» Source data:
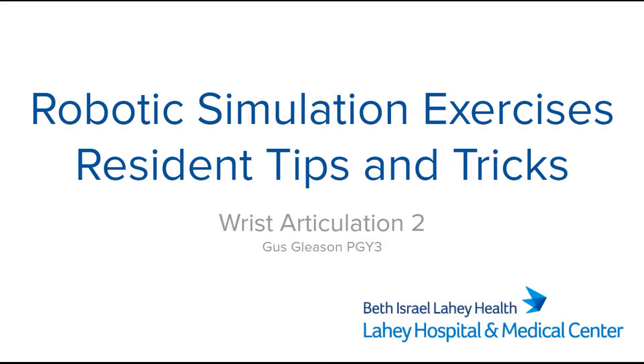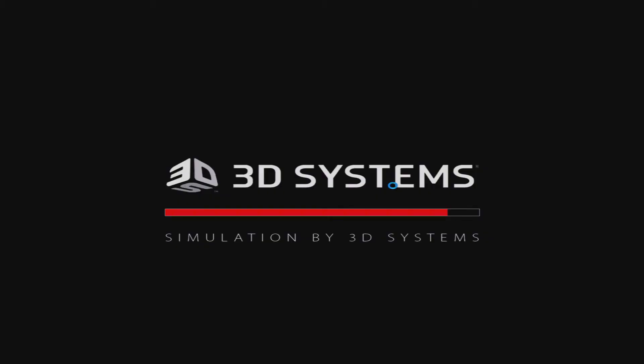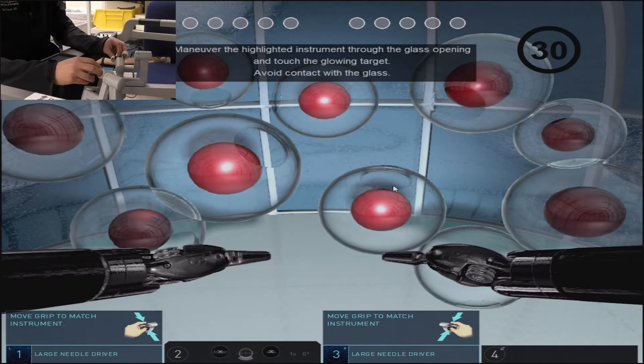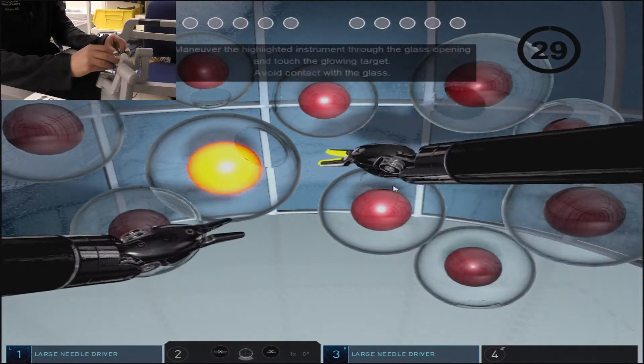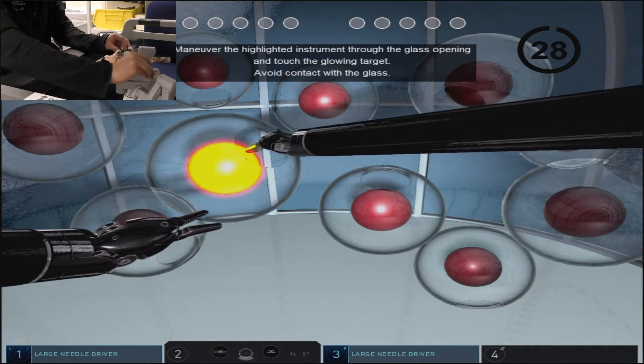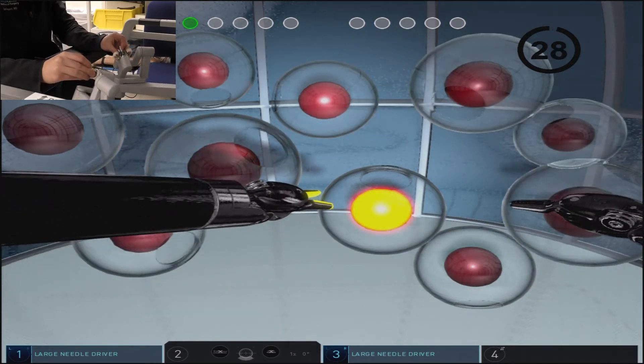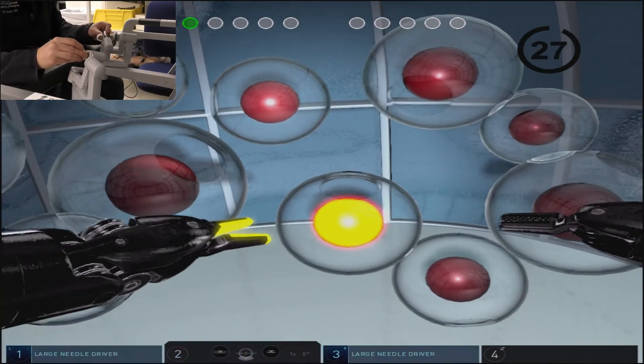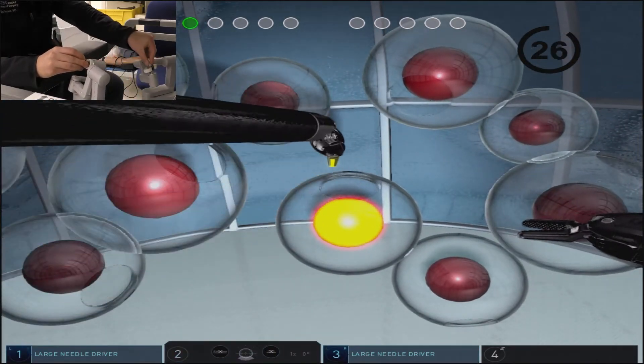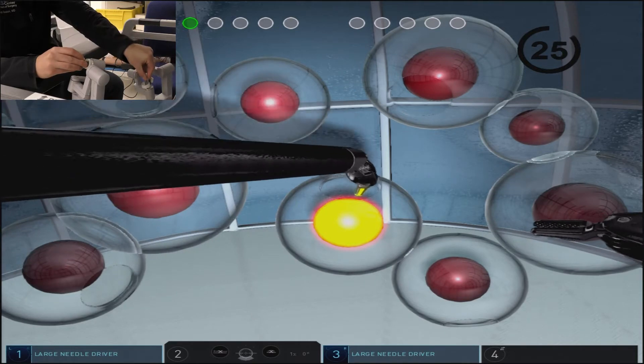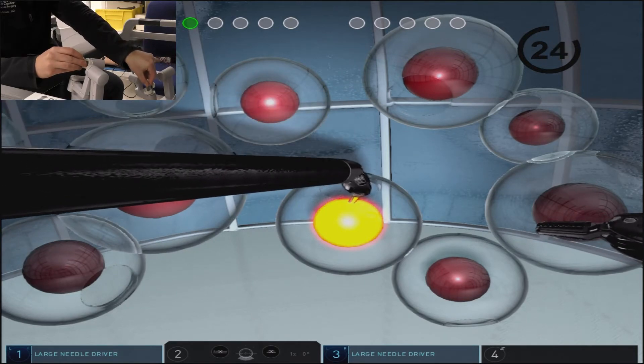Wrist articulation 2 is a much more difficult and practical version of the wrist articulation exercises. It presents you a whole entire visual field of spheres surrounded by glass globes which have openings at specific angles.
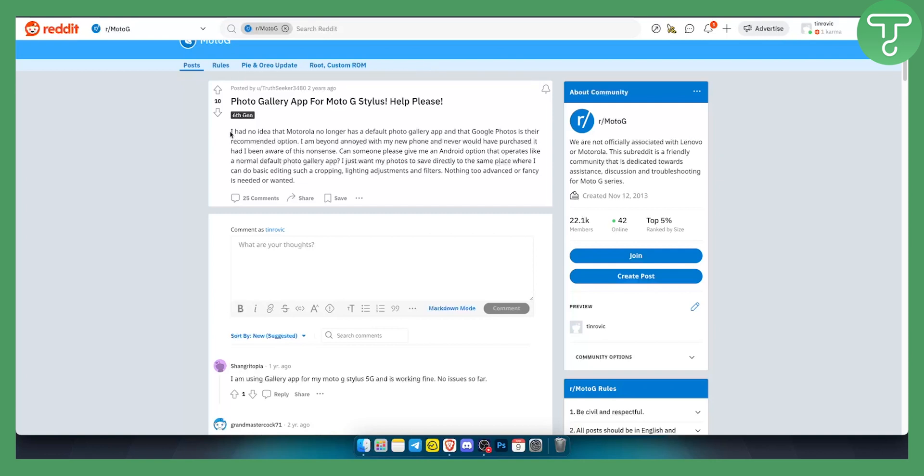As you can see, I had no idea that Motorola has no longer a default photo gallery app and that Google Photos is the recommended option.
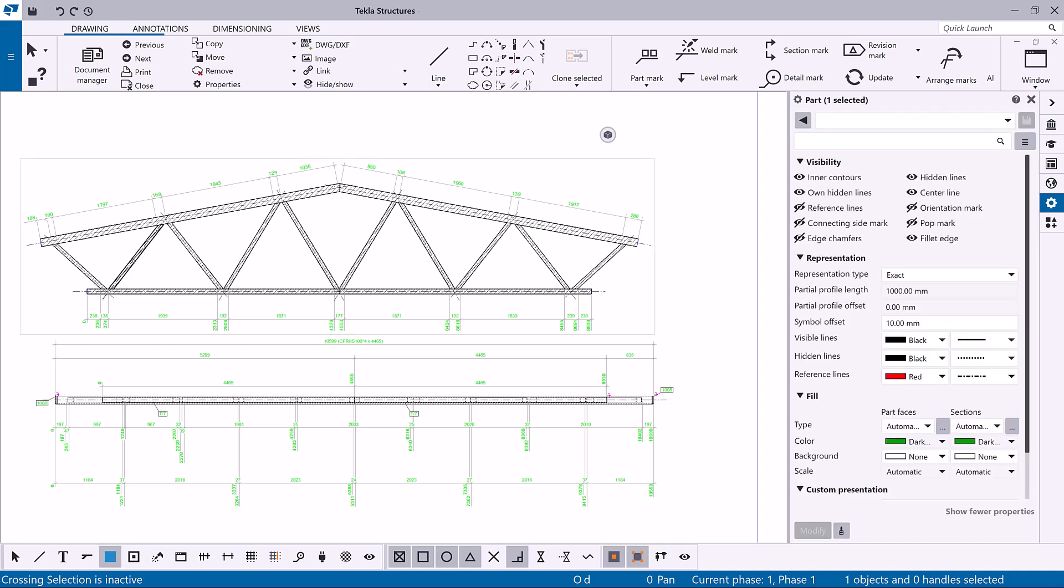Select the desired parts in the drawing by holding down the control key and selecting the desired parts. Alternatively, you can use the area selection method.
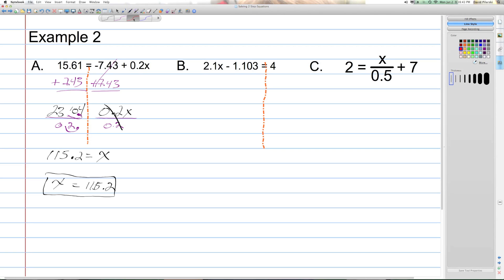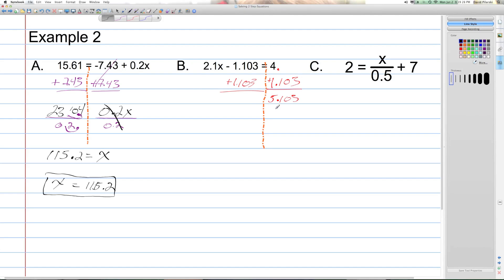In this case, the variable is on the left side. We have to undo the subtract 1.103 — or negative 1.103 — by adding 1.103 to each side. On the right, remember the decimal in 4 is to its right, so 4.000 plus 1.103 gives 5.103. We don't necessarily have to put the trailing zeros. On the left, that leaves 2.1x, and we bring down the equal sign.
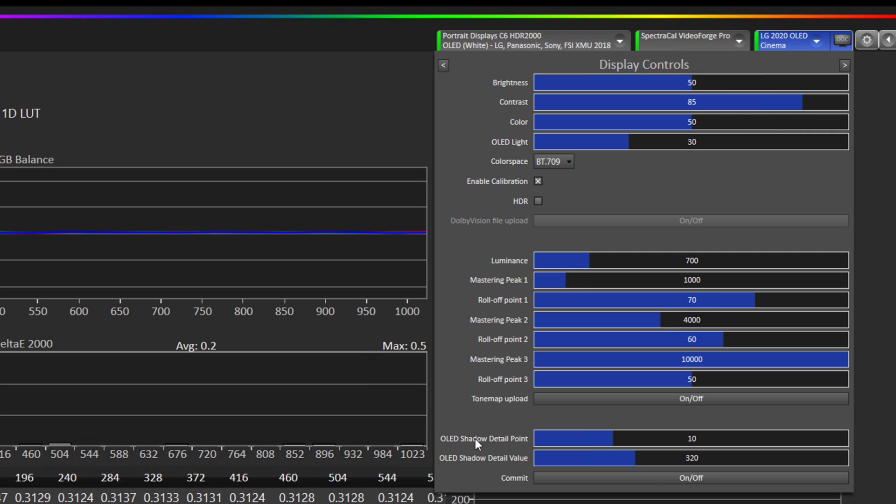So now we have worked with them to come up with a set of controls where we can adjust the near black shadow detail and have the end user be able to adjust it specifically for their panel.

» Problem details: Please retype exactly the lines from the line containing "As you can see, I" through the final line of the records above, inclusive, leaving out any pictures.

» Written reply:
As you can see, I had no idea that Motorola has no longer a default photo gallery app and that Google Photos is the recommended option.
Select the desired parts in the drawing by holding down the control key and selecting the desired parts. Alternatively, you can use the area selection method.
In this case, the variable is on the left side. We have to undo the subtract 1.103 — or negative 1.103 — by adding 1.103 to each side. On the right, remember the decimal in 4 is to its right, so 4.000 plus 1.103 gives 5.103. We don't necessarily have to put the trailing zeros. On the left, that leaves 2.1x, and we bring down the equal sign.
So now we have worked with them to come up with a set of controls where we can adjust the near black shadow detail and have the end user be able to adjust it specifically for their panel.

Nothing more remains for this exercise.